Reason two: some people are just lazy
This one gets me. I hear my staff and faculty toss it around like it's something a kid actively participates in, like an extracurricular. I was a smart, capable kid. I was engaged. And damn was I lazy. It's so easy to forget how hard it is to be a teenager. Increasing responsibilities, plus all those hormones? It's only natural to shut down, or to do the bare minimum. To avoid. To hide. To complain. That was me. Hell, that's still me sometimes, and most people would agree that I did all right (in high school and since). The primary difference? My kids here at school have a fraction of the support I did. How can I abandon them too?
Reason three: Some people can't be fixed.

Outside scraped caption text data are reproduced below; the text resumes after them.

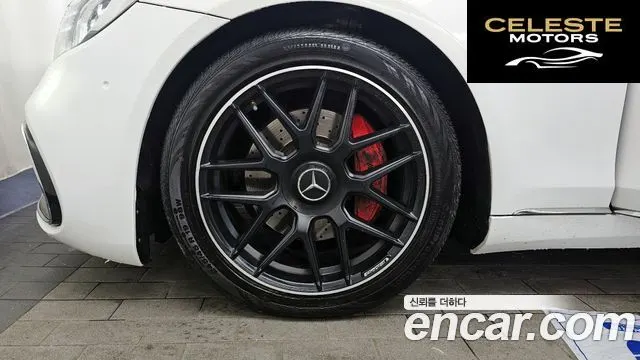 MERCEDES BENZ S-Classe W222 S350L 2014 — photo 5 sur 20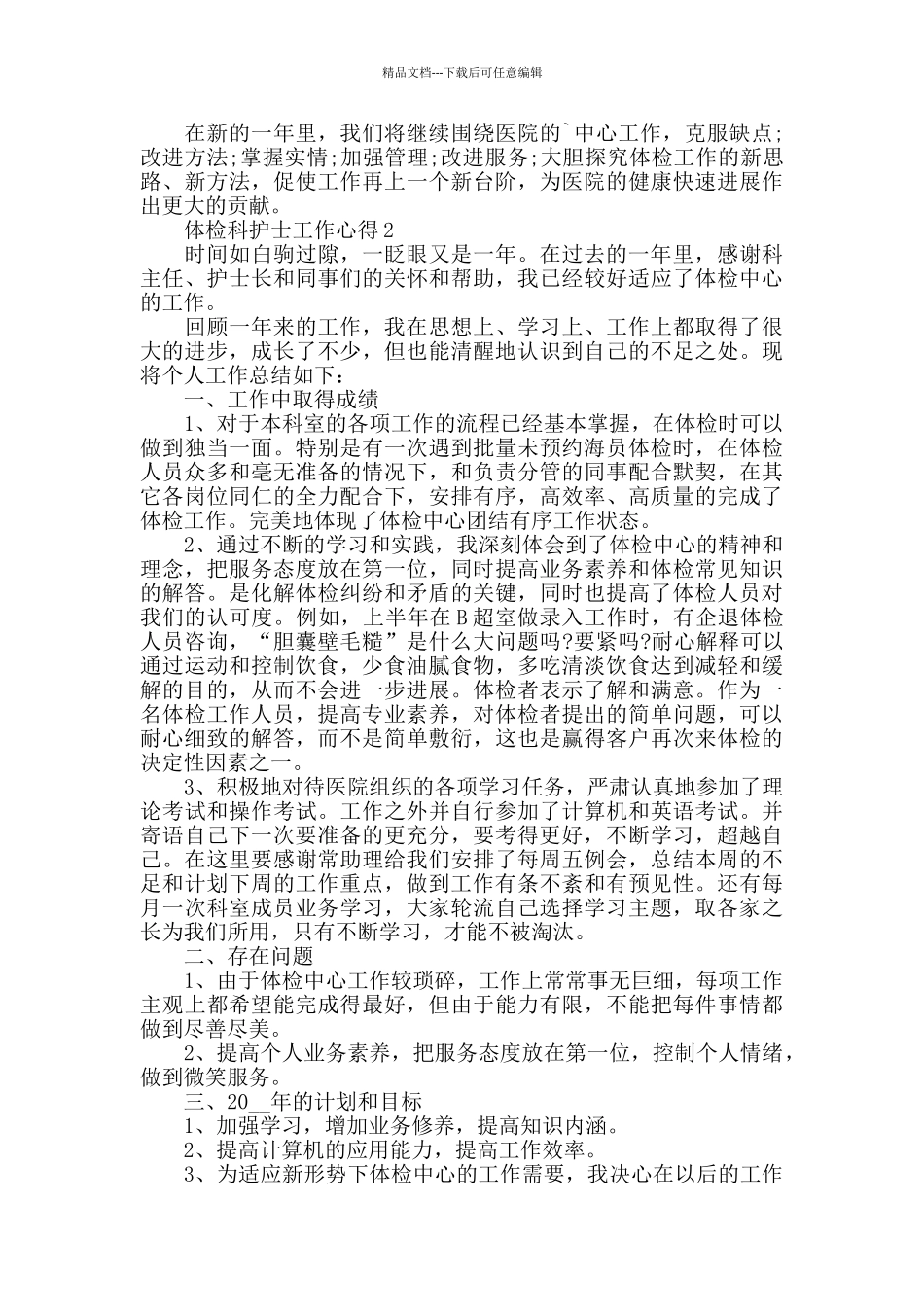 体检科护士工作心得精选范文5篇_第2页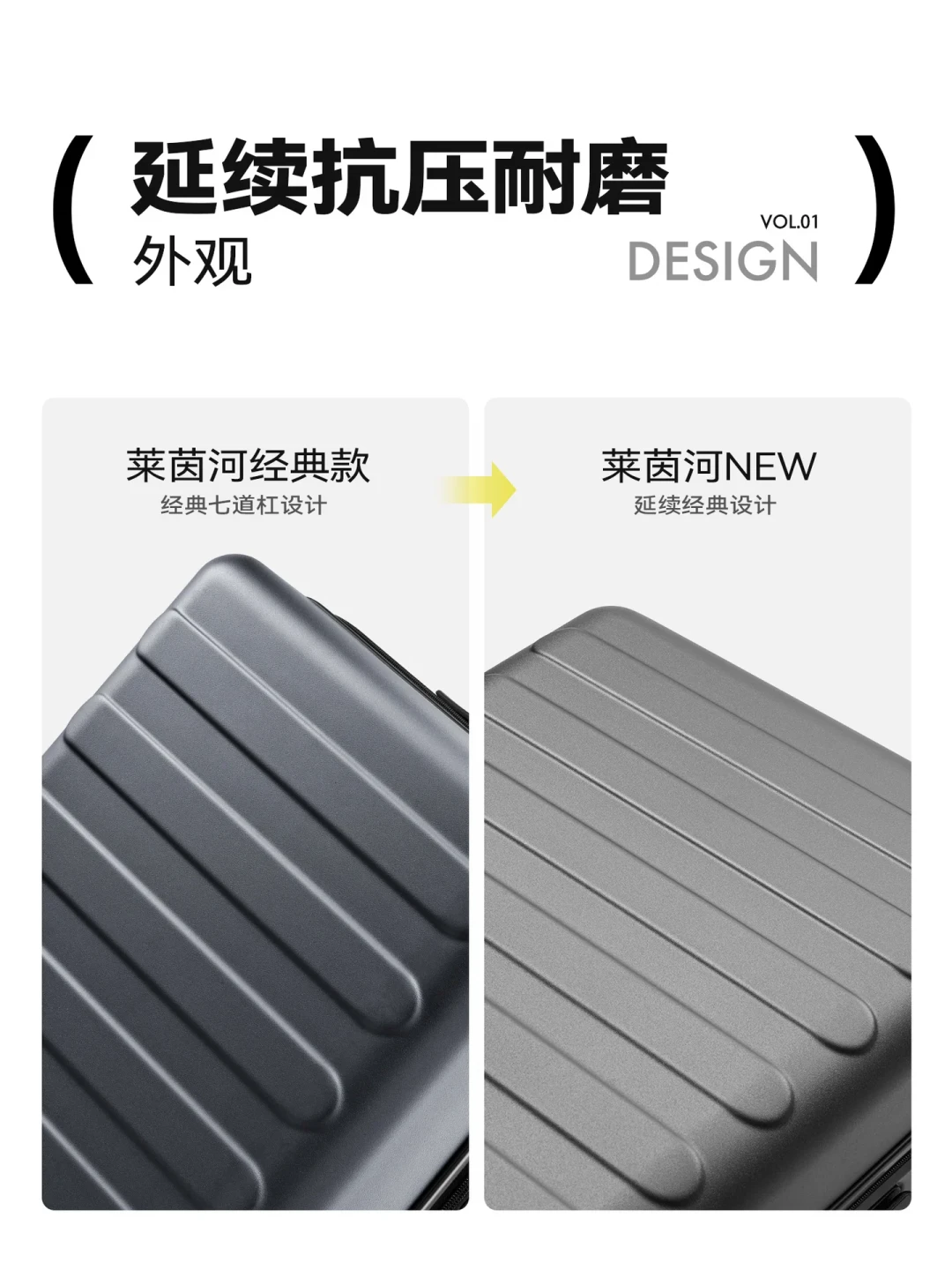 90分莱茵河出2026新款了:5个升级全对着痛点去,但谁该买新款、谁买老款,一次说清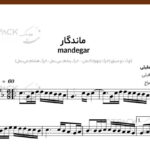 نت سنتور ماندگار شادمهر عقیلی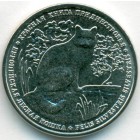 Приднестровье, 1 рубль 2020 год (UNC)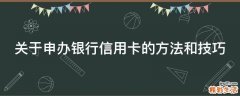 关于申办银行信用卡的方法和技巧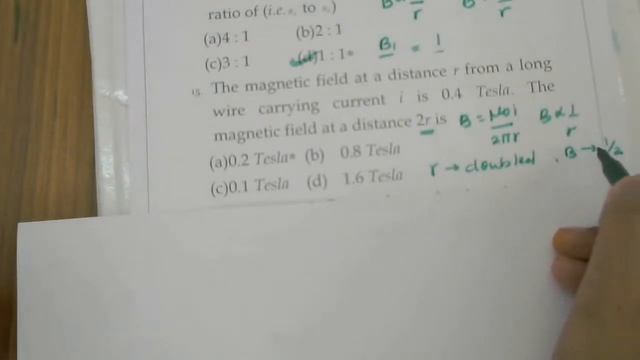 KCET-6; PHYSICS-MECHANICAL EFFECT OF ELECTRIC CURRENT смотреть онлайн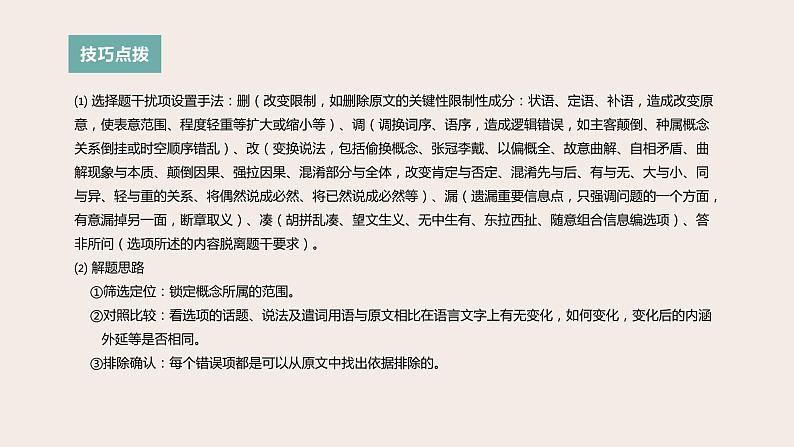 高考语文第一轮总复习课件第21课:现代文阅读之论述类文本阅读(二)--解题技巧第6页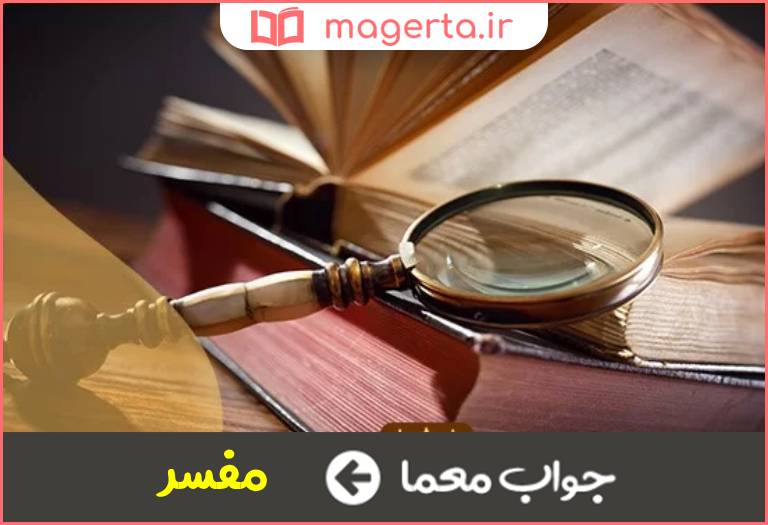 جواب معما تفسیر کننده در جدول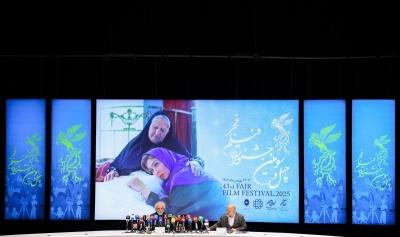 نشست خبری چهل‌ و سومین جشنواره فیلم فجر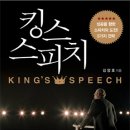 김양호 | [독서후기] 킹스 스피치-김양호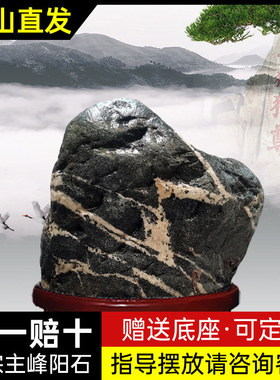 保真泰山石敢当泰山石不切割室内外原石镇宅客厅卧室窗台补角摆件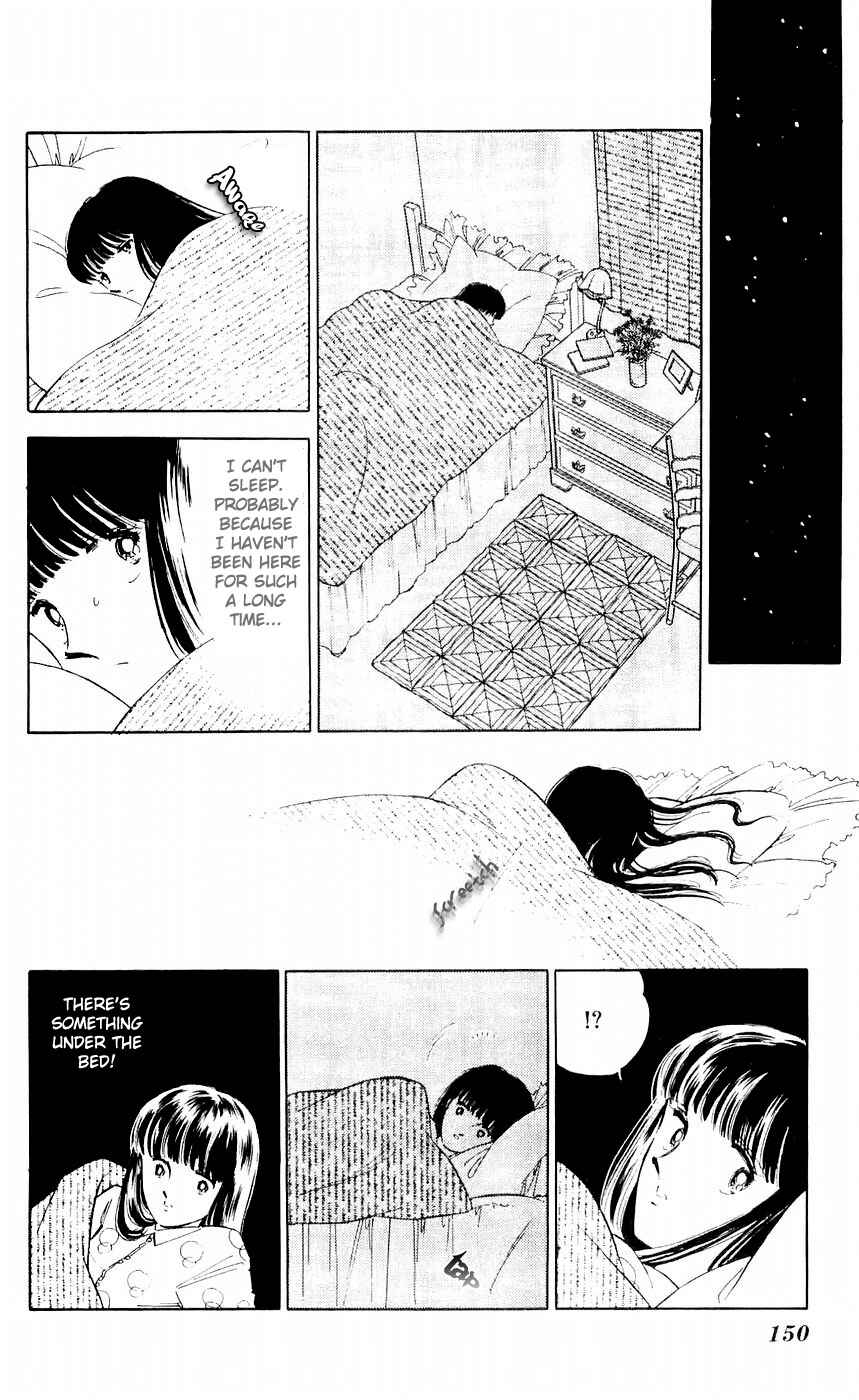 Page 13 Chapter 8 A Record of Ryokos Psychic Events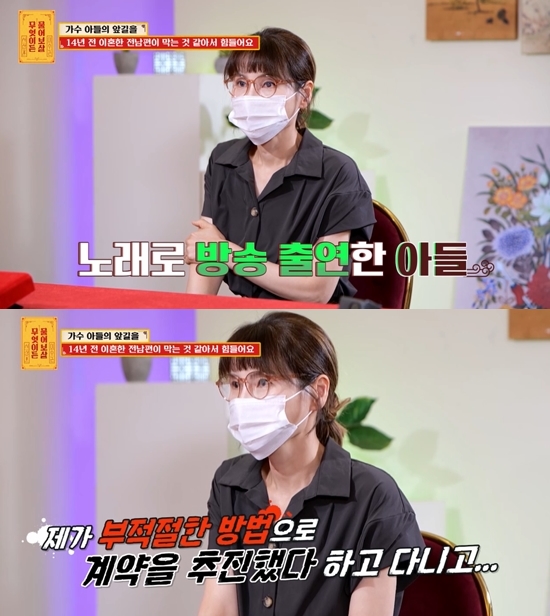 엑스포츠뉴스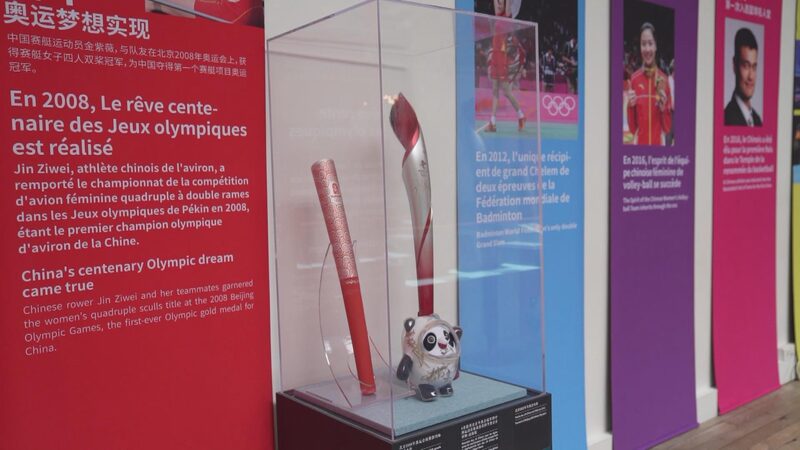 Chinese_Sports_Culture_Shines_in_Paris_Ahead_of_Olympics_poster - News for amigos, by amigos Chinese_Sports_Culture_Shines_in_Paris_Ahead_of_Olympics video poster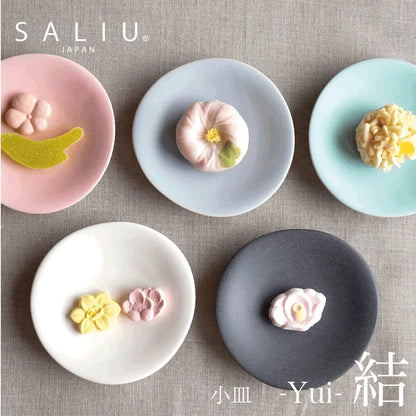 SALIU "YUI" 10cm/4inches Small Dish Plate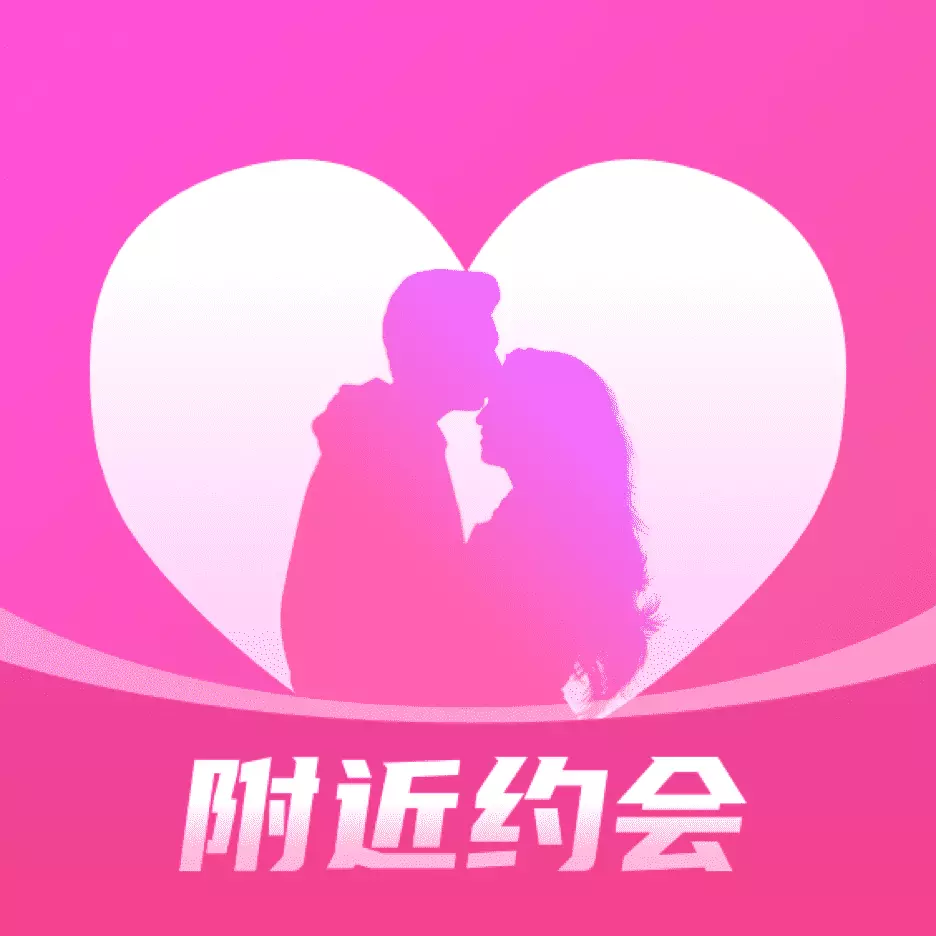 附近夜约(同城交友软件)v1.3.0 手机版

This is true, but not the way you might think. It's a fact of life. People will always think there is something inherently wrong with others. People who are different need to be fixed. People who are this or that, people who are angry or lazy, something is wrong with them. No. Something is wrong with you, me, the system, the world, that a kid can grow up with so much hate in her heart or so much weight on his shoulders. What's wrong is me, thinking I can change them. They may be broken, but that doesn't mean there is something wrong with them. There is so much right that I've been privileged to see this year. The angry girl channeling her aggression to challenge an injustice; the frustrated boy sticking with it, his pain visible, exposed by a simple algebraic equation; the spaz with a heart of gold showing me what it means to live in the moment (consequences be damned). There is nothing wrong with these kids except that they've always been told that there's something wrong with them. And I've told them that too, in my own moments of frustration, in my own moments of anger. And for that, I feel a deep sadness. Could I have done better, acted differently when faced with challenges, earned their trust, their respect? Probably. But in this moment, feeling pretty vulnerable as I mentally prepare for my last day, I can't change the past, I can't think about the things about myself that I want to fix. Because there's nothing wrong with me either.